Summary: Like other well-meaning mothers, Julie Mueller’s believed she did the right thing when she secretly ended her teenage daughter’s crush on Michael Slayton, a wild older neighborhood heartthrob with a penchant for Shakespeare and the pedigree of trailer trash.
Twenty years later, Betty Mueller has come to realize that was a big mistake. Her daughter Julie – divorced and raising a teenage daughter alone – is a workaholic obsessed with her career. And Michael, the one man who could make her happy, is the one man to whom she won’t speak.
Now dying and determined to make amends, Betty stages her last great feat of motherhood by reuniting the couple in a dessert class where she hopes the sweetness of a chocolate almond Torta Caprese will erase the bitterness of a wretched misunderstanding.
“Sweet love, renew thy force; be it not said thy edge should blunter be than appetite,” Shakespeare once pleaded—though it will require more than poetry and passion fruit for Julie and Michael to renew their love.
It will, in fact, require the sweetest sacrifice of all. -- Dutton
I pretty much knew when I opened the box containing SWEET LOVE by Sarah Strohmeyer that I was going to love it. I mean, look at the cover of this book -- it's absolutely gorgeous! Add to that: the storyline sounds terrific and it is about a woman named Julie. Lisa Daily, author of FIFTEEN MINUTES OF SHAME, mentioned in an author chat that she loved Ms. Strohmeyer's books. In addition, I had already heard wonderful things about Ms. Strohmeyer's latest book (People Magazine, The New York Times, and the Chicago Tribune all selected it as one of summer's hottest reads.) I basically couldn't wait to dig in!

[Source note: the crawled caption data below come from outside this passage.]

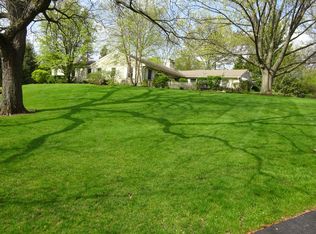 650 Braeburn Rd, Inverness, IL 60067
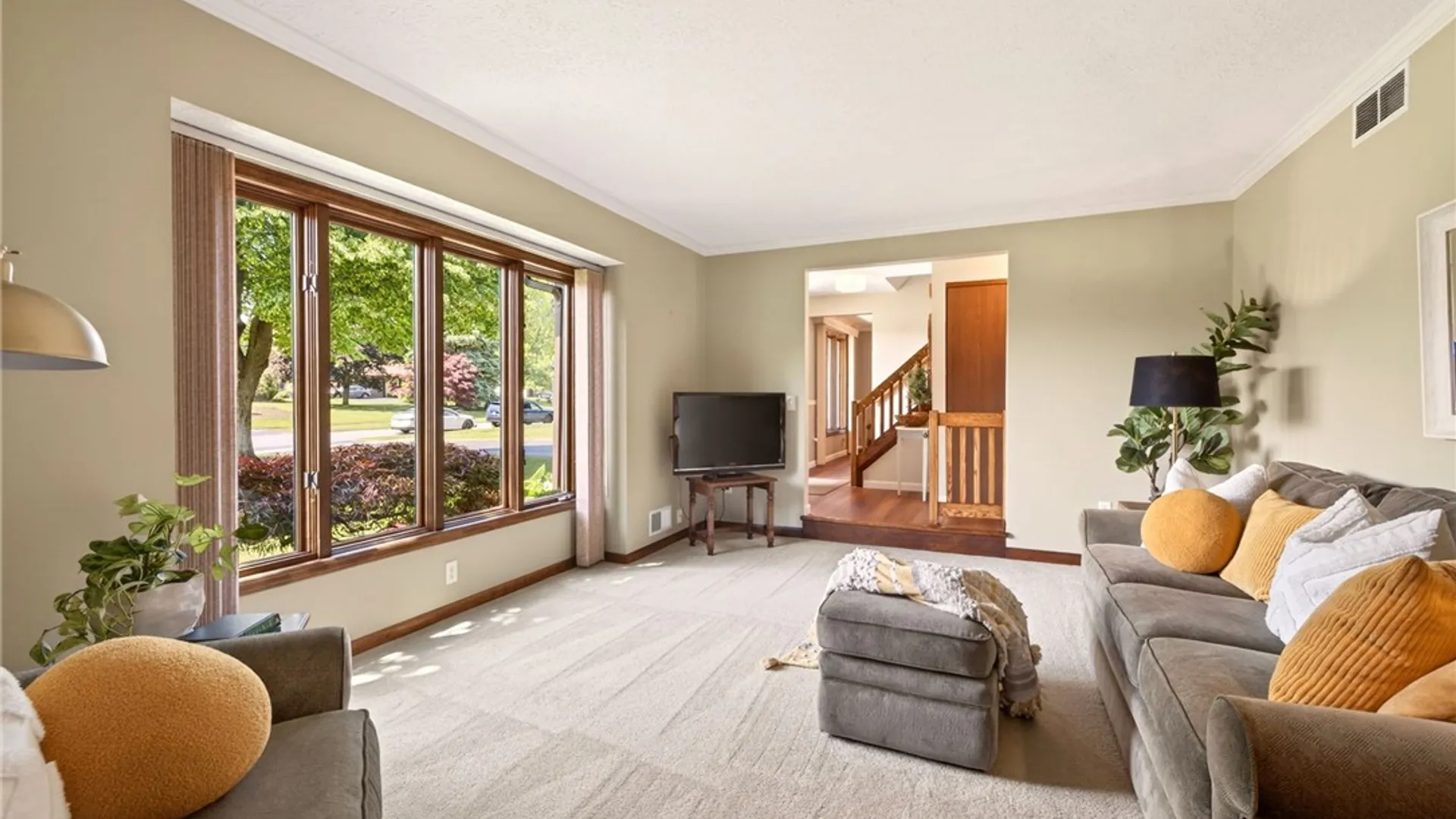 Property at 88 Northampton Circle, Greece, NY 14612 9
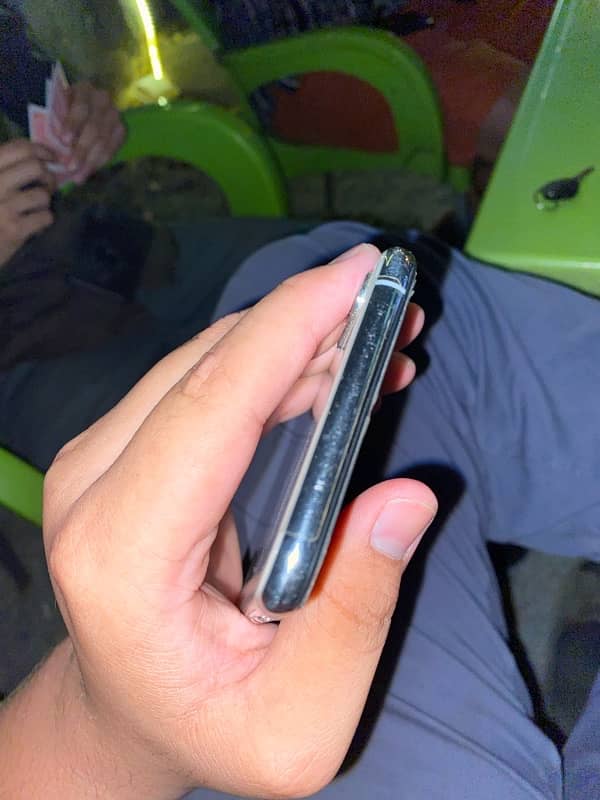 iphone Xsmax 10/10 4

The good news is that I did thoroughly enjoy SWEET LOVE. It was a very "sweet" book that I just couldn't put down. I guess it's technically "chick lit," but don't let that scare you away (that's for those of you who turn your noses up at chick lit books.) This book had a little bit of everything -- love, romance, humor, parent/child relationships, illnesses, friendships, etc. I adored the character of Julie, as I did almost every character in this book. The characters all complemented each other while also having wonderful personalities in their own right.
I found myself laughing and crying with Julie as she deals with some very tough times in her life. Julie is facing so much uncertainty and change -- she is having some self esteem issues as she reaches middle age, she finds out that she is still in love with her childhood crush, her parents are becoming older and less able to take care of themselves, her daughter is preparing to leave home and go to college, she is trying to determine her future career goals, and she is faced with a major health scare (whew!) My heart went out to Julie many times throughout this story, but I also found myself laughing at her dry wit as well as her ability to cope with all these changes. She's just a terrific character who you will ultimately find yourself rooting for.
One thing I especially enjoyed about this novel were the cooking classes that Julie and Michael were taking. I love to bake (but don't do much of it because of the calories), and I thought the cooking class sounded like so much fun (especially the hilarious French chef character.) Ms. Strohmeyer's descriptions of the desserts were mouthwatering to say the least. I would love to try some of them out myself, especially the Peach Cobbler and the Almond Biscotti Tiramisu. Ms. Strohmeyer has listed some of the recipes on her website.
Although a major part of the book was about the on-again, off-again relationship between Julie and Michael (which I thoroughly enjoyed), I found the mother-daughter relationship angle to be so moving. I loved Julie's mother Betty; and I thought it was wonderful how much she loved her husband and family. Betty was an incredibly strong woman, and I'm so glad that Julie was able to appreciate her mother before it was too late. I also enjoyed the dynamics between Julie and her daughter Em. It was interesting to see Julie's role in both relationships as her daughter needs her less and her mother needs her more.
I love that the chick lit genre has grown past stories of young women in their 20s living in major cities -- I feel that they've "matured" as I've "matured." It's so refreshing to read about strong woman in their 40s who still manage to find love and happiness! I am extremely impressed with Ms. Strohmeyer -- I liked the story, the characters, and the writing so much; and I definitely want to read more of her novels, especially THE SLEEPING BEAUTY PROPOSAL and the CINDERELLA PACT. Now that I am thinking about it, I actually did read one of her Bubbles series many years ago, and I do remember enjoying it.
My book club meets tonight to discuss SWEET LOVE, and we are fortunate enough to have the author calling us too! I can't wait to talk to Ms. Strohmeyer about her latest book and see what she's got in the works as far a new books go. I'll be posting tomorrow about tonight's book club meeting as well as our author chat.
A huge thanks goes out to Dutton, a division of Penguin Group (USA), for providing me and my book club with copies of SWEET LOVE. Another big thanks goes out to Falise from 24/8 Book Club for coordinating with Dutton!